> _WORK ITEM_
Copy out the data word for word. The images are not part of the copy.
(DATA FOR THIS EXERCISE begins)
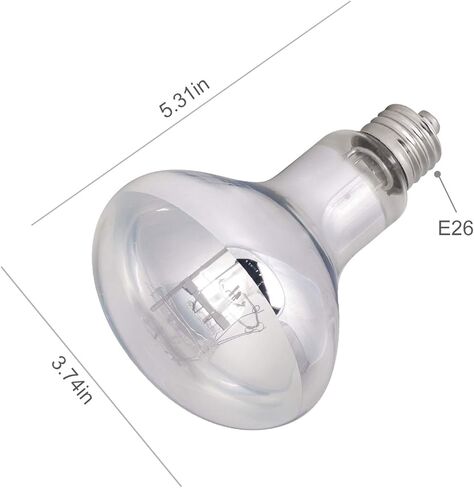 WACOOL مصباح الحرارة للزواحف UVA UVB ضوء الزواحف الكل في واحد، محاكاة كامل الطيف لمبة أشعة الشمس للزواحف البرمائية السلحفاة ثعبان أبو بريص التنين الملتحي الاستخدام in Kuwait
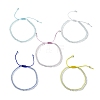 Glass Seed Braided Bead Bracelet for Women BJEW-JB09657-1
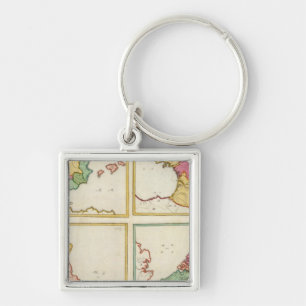 Portugal, Spain, Germany, England, Scottland Key Ring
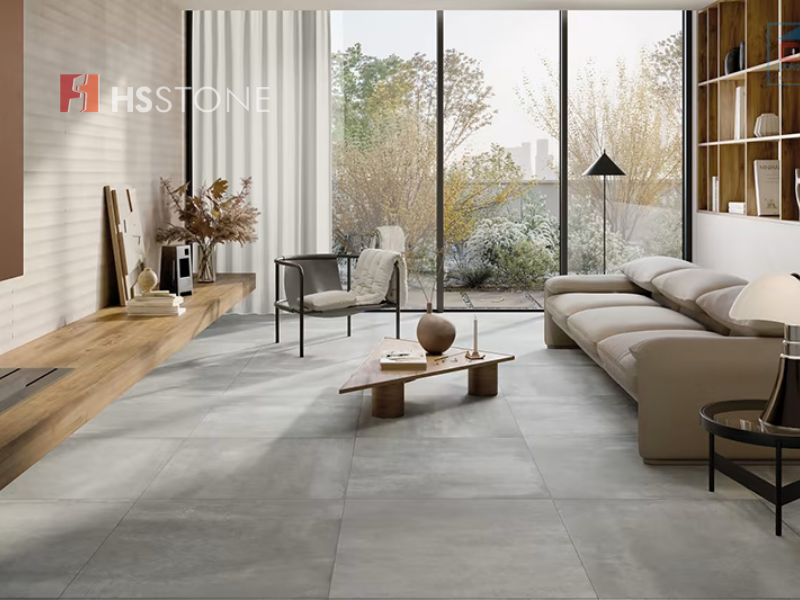 HS Stone - Đơn vị uy tín chuyên cung cấp gạch lát nền phòng khách chất lượng cao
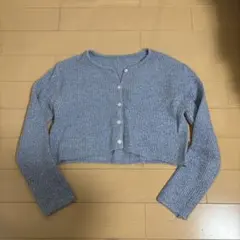 ニット カーディガン ブルー 韓国ガーリー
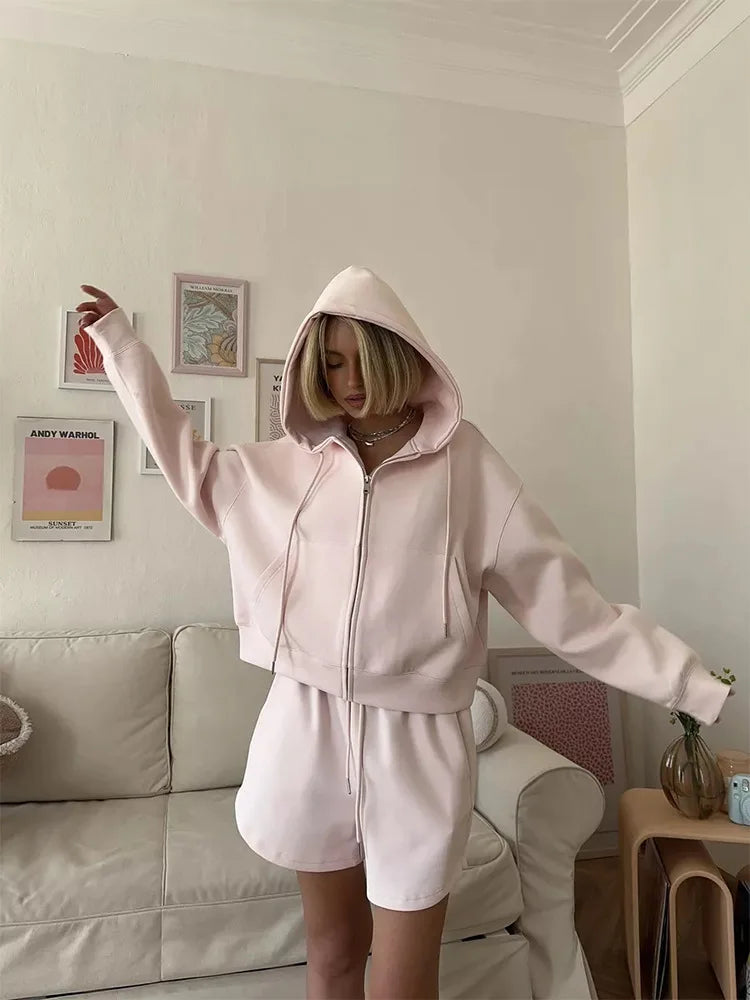 Ensemble Survêtement 2 Pièces Femme – Coton et Polyester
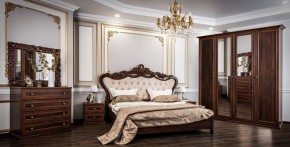 Кровать с мягким изголовьем Афина 1600 (караваджо) в Заречном - zarechnyy.ok-mebel.com | фото 5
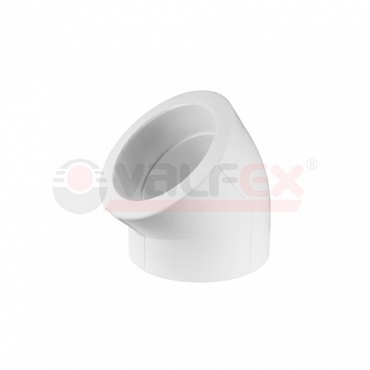Угол 50мм 45*  Valfex бел.(1/10/40)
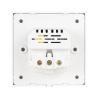 Nanocable Base Pared toma SCHUKO 2USB Max .2.4A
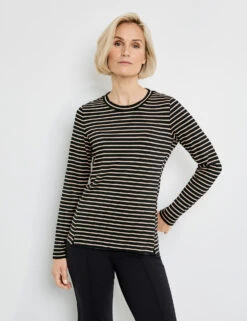 Gerry Weber Geringeltes 3/4 Arm Shirt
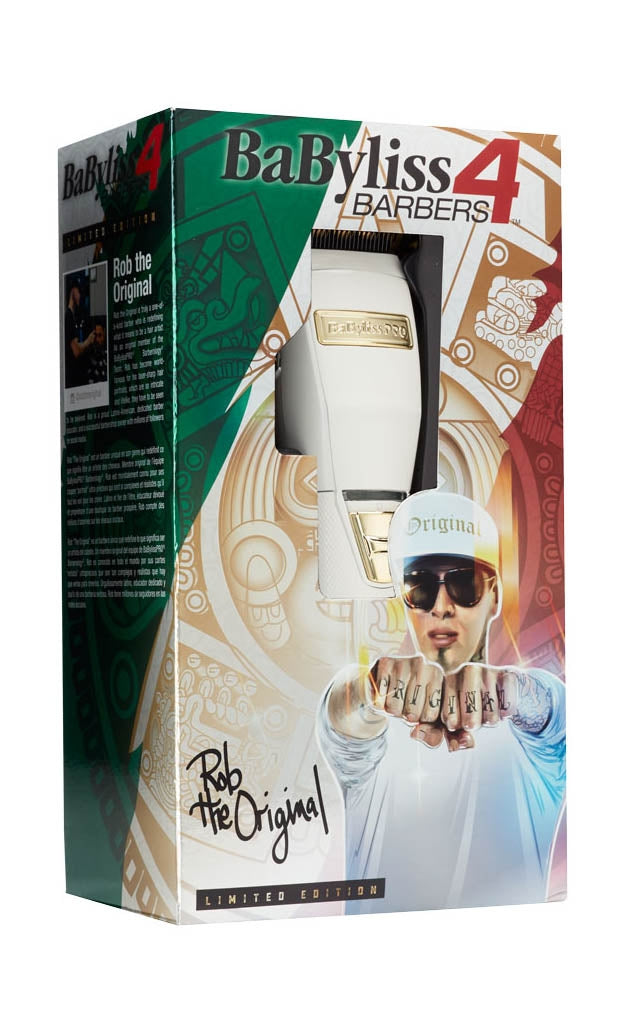 Babyliss PRO WhiteFX Cordless Clipper - Limited Edition Rob The Original Influencer Collection (FX870W)
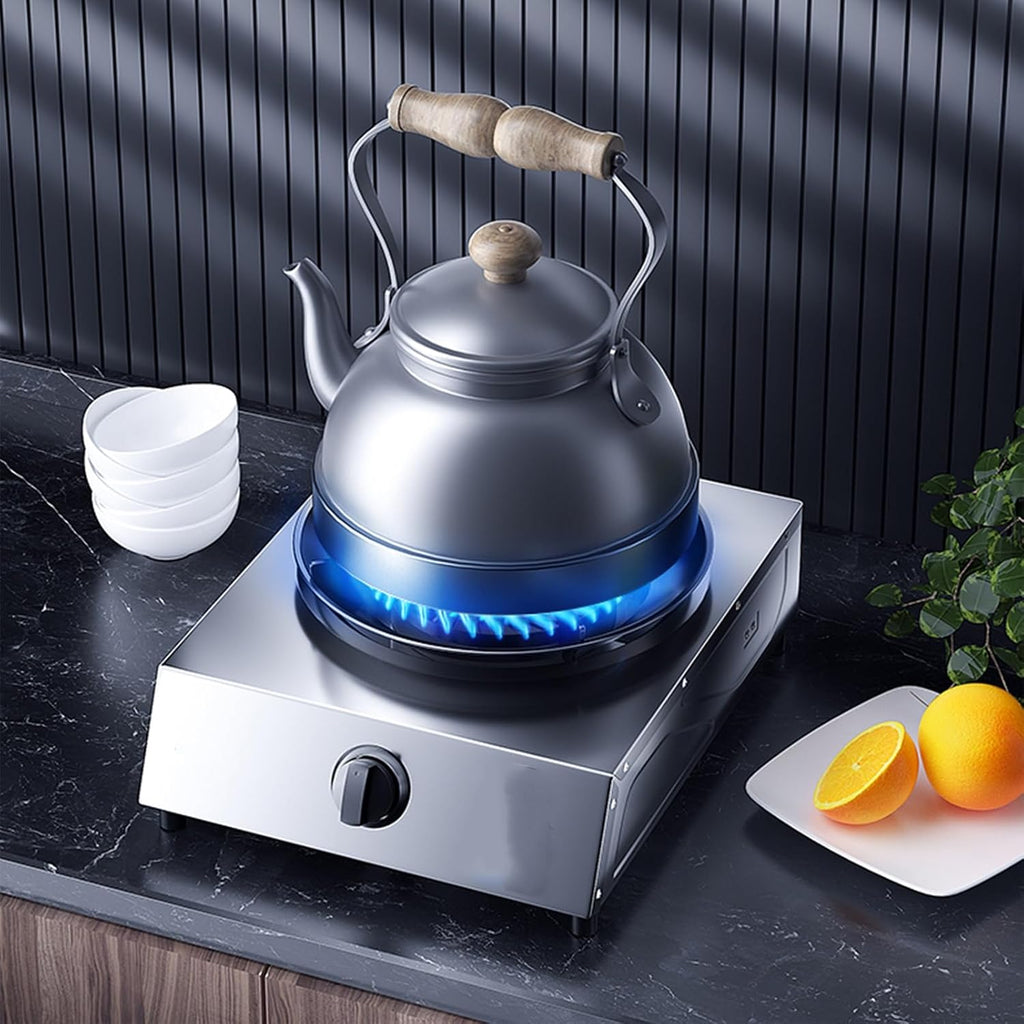 Gas Stove 1 Burner,Stainless Steel Gas Cooker,5.2W Indoor Regulators,Gas/LPG Gas Conversion Stove,with Flameout Protection,for Home Kitchen(LPG)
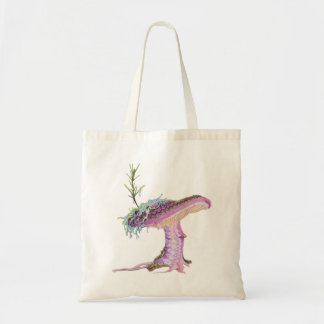 Whimsical Watercolor Mushroom Tote Bag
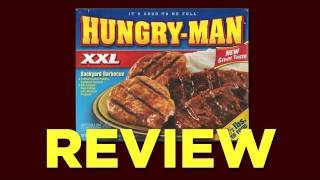 Hungry Man XXL Backyard Barbecue Video Review Freezerburns Ep450 [upl. by Lidaa]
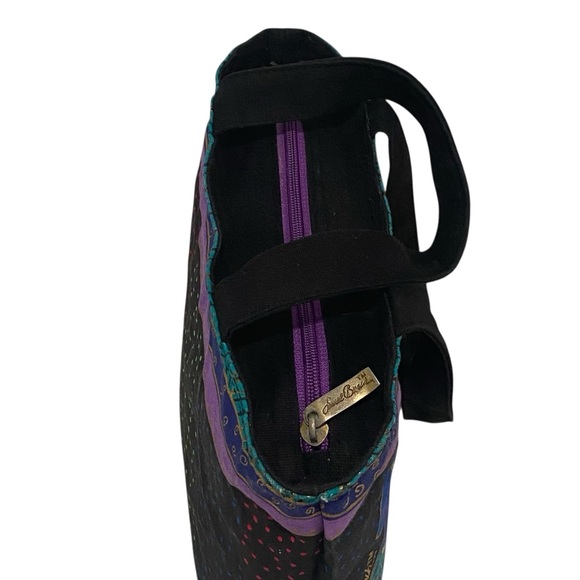 Laurel Burch 7 Dogs Painted Vibrant Handbag/ Lunch Tote - Excellent Condition - Picture 10 of 10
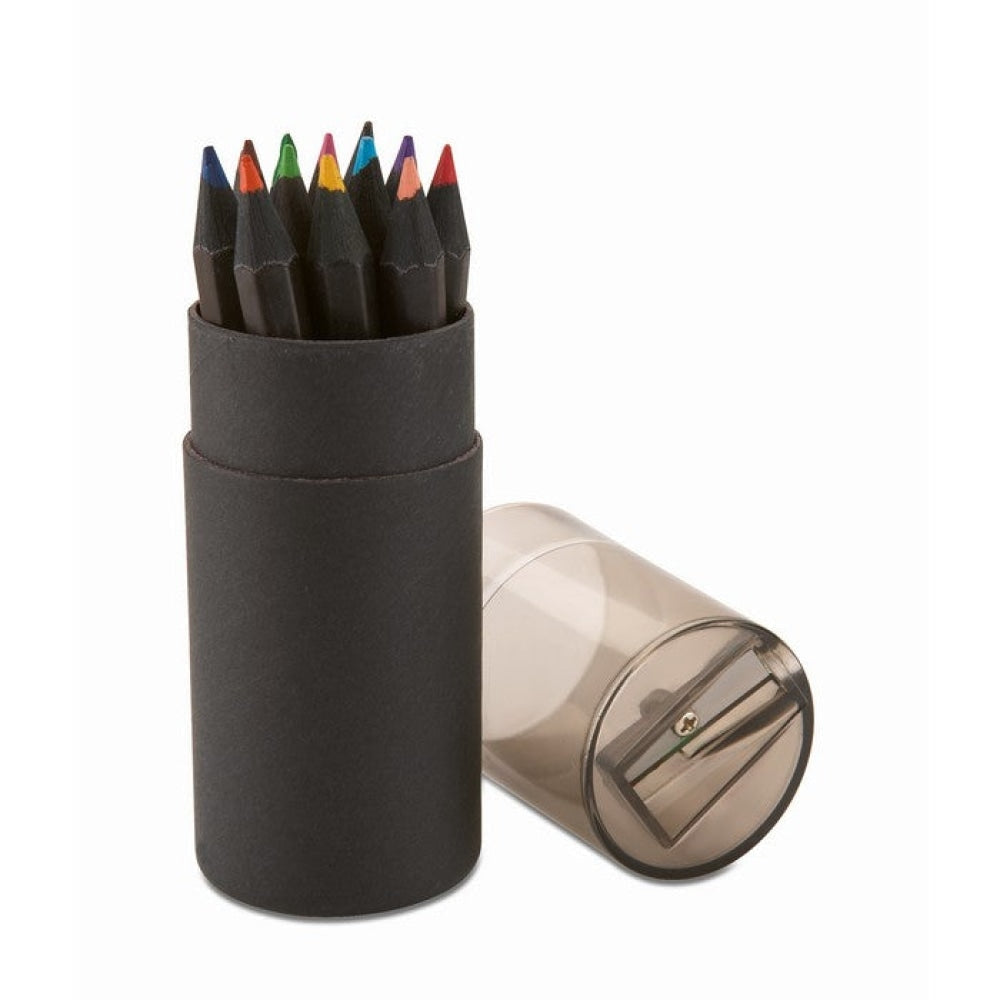 BLOCKY - Nero - SCRIVERE - Midocean - Pencil, Set 12 Matite Colorate It3630, Writing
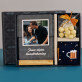 Cadeauset voor de echtgenoot met afdruk op glas en noten in witte chocolade
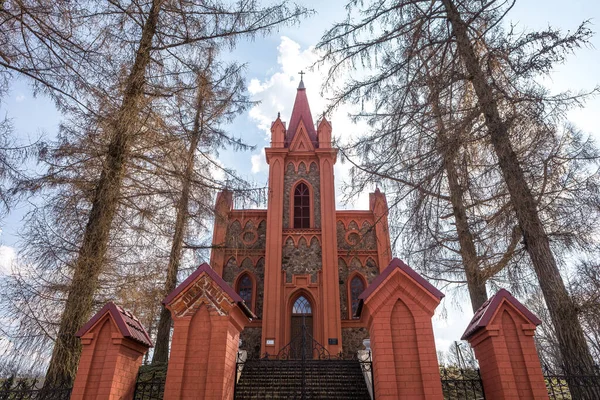 Igreja Santa Ana Dukstos Distrito Vilnius Lituânia — Fotografia de Stock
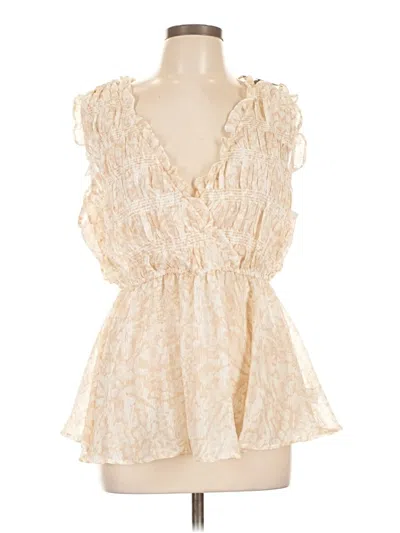 Torrid Sleeveless Blouse In White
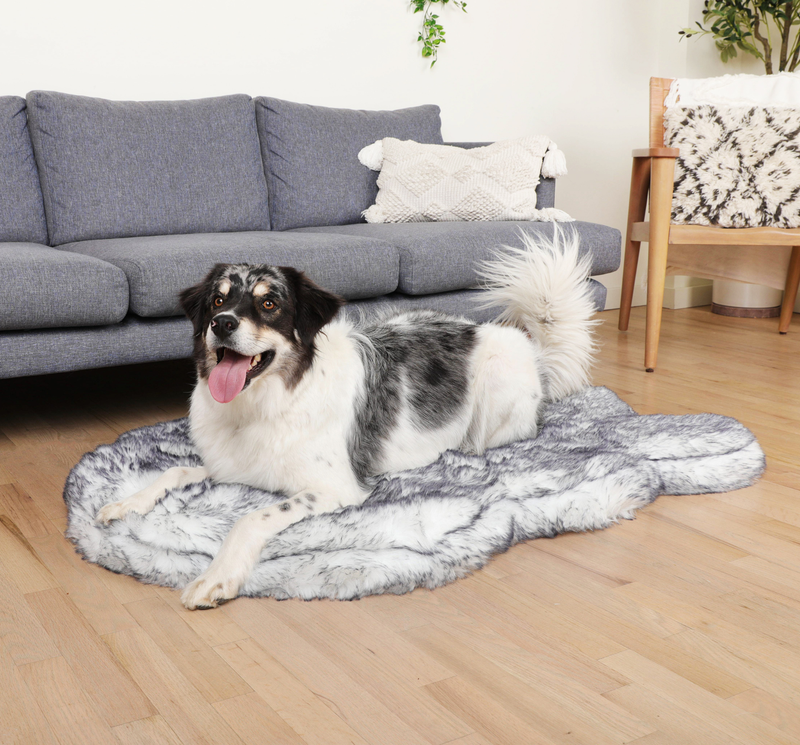 PupRug® Luxe Faux Fur Orthopedic Dog Bed - Ultra Plush Arctic Fox product image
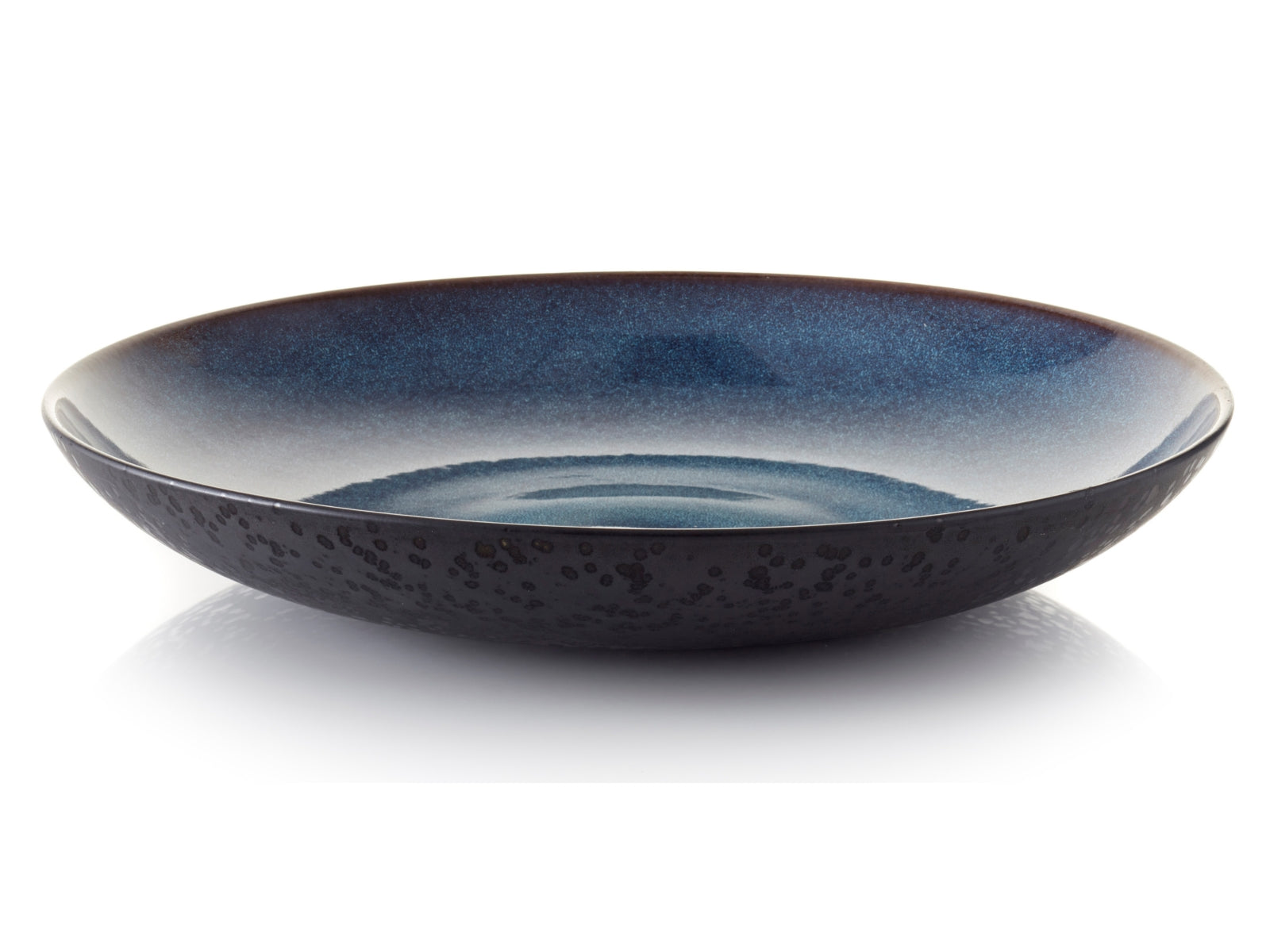 Bitz Servierschale matt black / shiny dark blue 40 cm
(DATA FOR THIS EXERCISE ends)
> _SOLUTION BELOW_
 WACOOL مصباح الحرارة للزواحف UVA UVB ضوء الزواحف الكل في واحد، محاكاة كامل الطيف لمبة أشعة الشمس للزواحف البرمائية السلحفاة ثعبان أبو بريص التنين الملتحي الاستخدام in Kuwait
 Glass Seed Braided Bead Bracelet for Women BJEW-JB09657-1
 Portugal, Spain, Germany, England, Scottland Key Ring
 HS Stone - Đơn vị uy tín chuyên cung cấp gạch lát nền phòng khách chất lượng cao
 ニット カーディガン ブルー 韓国ガーリー
 Ensemble Survêtement 2 Pièces Femme – Coton et Polyester
 Кровать с мягким изголовьем Афина 1600 (караваджо) в Заречном - zarechnyy.ok-mebel.com | фото 5
Угол 50мм 45*  Valfex бел.(1/10/40)
 Nanocable Base Pared toma SCHUKO 2USB Max .2.4A
 Gerry Weber Geringeltes 3/4 Arm Shirt
 Babyliss PRO WhiteFX Cordless Clipper - Limited Edition Rob The Original Influencer Collection (FX870W)
 Gas Stove 1 Burner,Stainless Steel Gas Cooker,5.2W Indoor Regulators,Gas/LPG Gas Conversion Stove,with Flameout Protection,for Home Kitchen(LPG)
 Whimsical Watercolor Mushroom Tote Bag
 Hungry Man XXL Backyard Barbecue Video Review Freezerburns Ep450 [upl. by Lidaa]
 Laurel Burch 7 Dogs Painted Vibrant Handbag/ Lunch Tote - Excellent Condition - Picture 10 of 10
 BLOCKY - Nero - SCRIVERE - Midocean - Pencil, Set 12 Matite Colorate It3630, Writing
 Cadeauset voor de echtgenoot met afdruk op glas en noten in witte chocolade
 Igreja Santa Ana Dukstos Distrito Vilnius Lituânia — Fotografia de Stock
 Torrid Sleeveless Blouse In White
 PupRug® Luxe Faux Fur Orthopedic Dog Bed - Ultra Plush Arctic Fox product image
 Bitz Servierschale matt black / shiny dark blue 40 cm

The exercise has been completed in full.